Their insistence on rendering support conditional on soul sapping austerity condemned countless numbers of EU citizens to unemployment, emigration and misery. Their brutal strategy has fundamentally undermined the legitimacy of the European project in the eyes of tens of millions of workers and young people.
If they can no longer rely on the EU to protect them, its citizens will look elsewhere. Deprived of hope, people are willing to embrace ideologies and the parties whose political currencies are the same racism and the scapegoating of minorities than many of us believed had been consigned to the dustbin of history long ago.
Not for the first time we are again witnessing the phenomenon of millions of desperate, disillusioned and alienated citizens blaming other poor and even more desperate people, for the misery inflicted on them by those at the top of the global capitalist pyramid.

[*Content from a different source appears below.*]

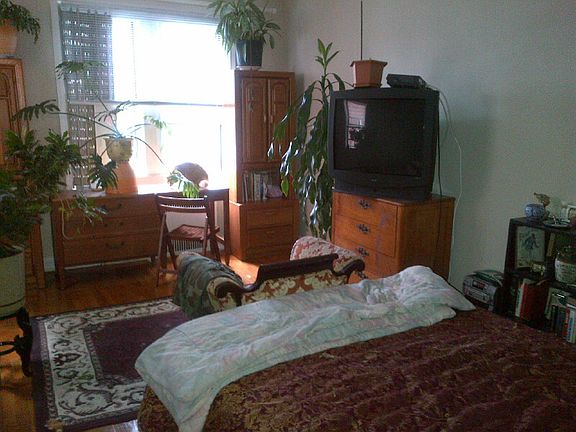 5th image of 3626 Kings Hwy APT 4B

The greatest tragedy of the brutal one sided austerity strategy which has been pursued by those who decide policy in the creditor countries is that they have given the franchise on HOPE, the most potent of all political propositions, to the xenophobic right wing nationalists and their fellow travellers – the Neo Fascists.
Trump’s simplistic message to ‘Make America Great’, or even ‘Greater Again’ is far more in tune with the concerns of working people. They didn’t elect him because of his racist utterings or his bullying demeanour. They elected him because he offered the prospect of a future that might work. American workers will welcome the prospect of jobs created by massive public investment. No matter that it was his same Republican Party which prevented President Obama from doing it. But Trump’s regime will preside over the biggest transfer of wealth, from the less well off to the ultra- rich, in American history.
And it will be marked as well by the most systematic demonisation and scapegoating of minorities experienced in the developed world since the 1930s. However, an even greater danger is that the protectionist policies he favours could lead to trade wars, recession and ultimately to war of the other kind!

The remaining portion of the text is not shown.